>>>>
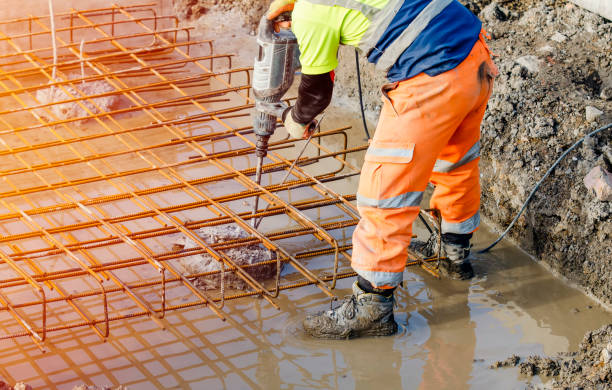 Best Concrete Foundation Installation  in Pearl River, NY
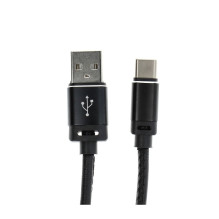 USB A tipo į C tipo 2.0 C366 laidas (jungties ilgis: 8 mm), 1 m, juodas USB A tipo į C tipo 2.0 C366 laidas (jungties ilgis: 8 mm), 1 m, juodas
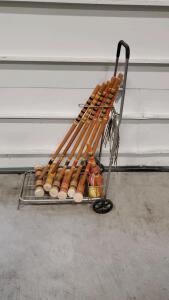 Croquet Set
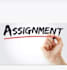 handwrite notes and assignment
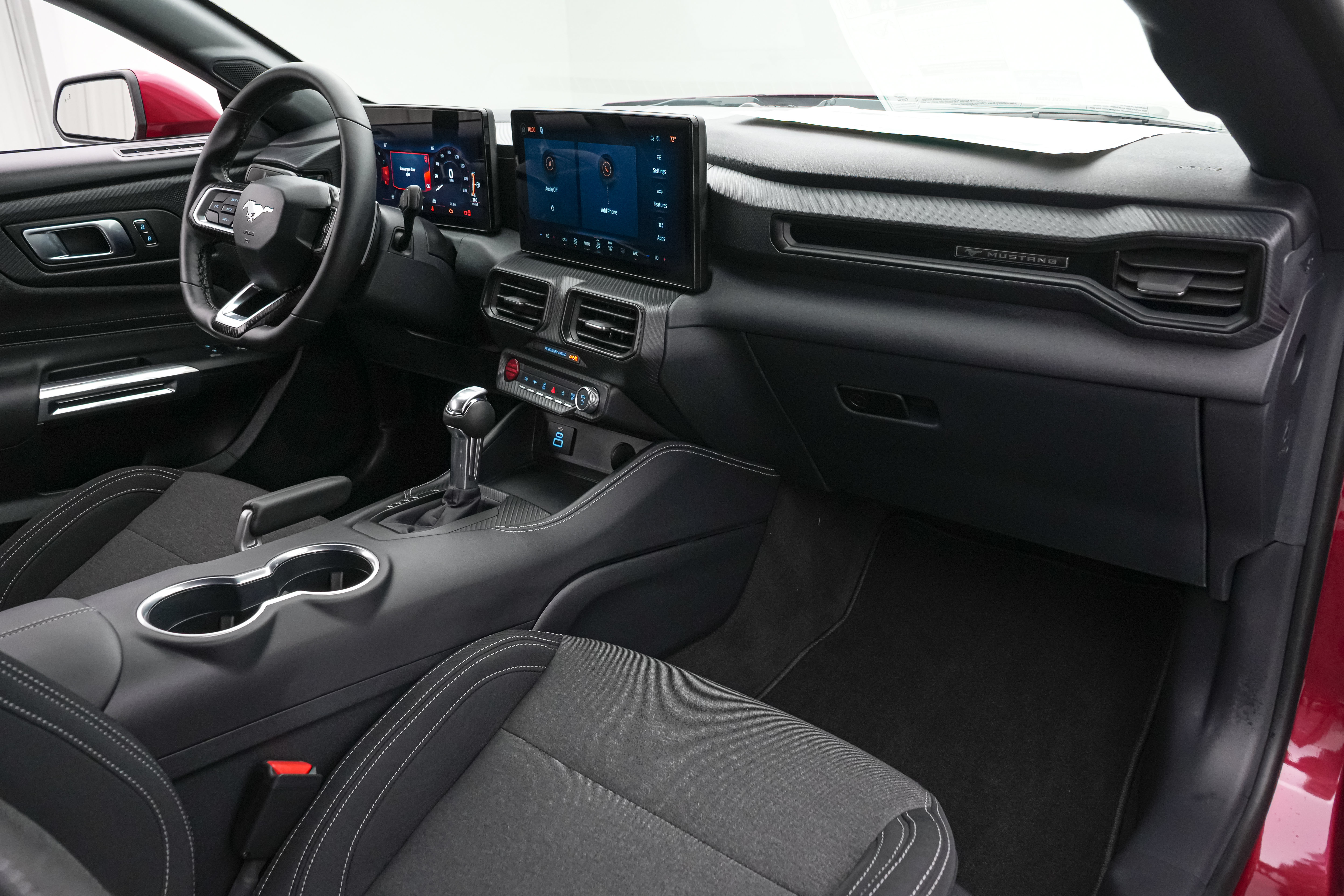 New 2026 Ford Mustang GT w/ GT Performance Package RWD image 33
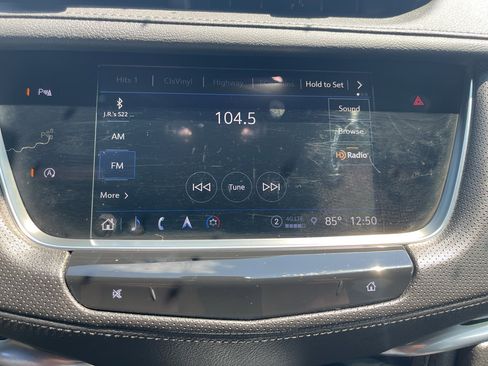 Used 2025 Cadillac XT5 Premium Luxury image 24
<<<<
TASK PROMPT.
Repeat the listing above in full, exactly, and omit its pictures.

SOLUTION TO THIS PROBLEM.
 Best Concrete Foundation Installation  in Pearl River, NY
 USB A tipo į C tipo 2.0 C366 laidas (jungties ilgis: 8 mm), 1 m, juodas USB A tipo į C tipo 2.0 C366 laidas (jungties ilgis: 8 mm), 1 m, juodas
 Croquet Set
 handwrite notes and assignment
 New 2026 Ford Mustang GT w/ GT Performance Package RWD image 33
 Used 2025 Cadillac XT5 Premium Luxury image 24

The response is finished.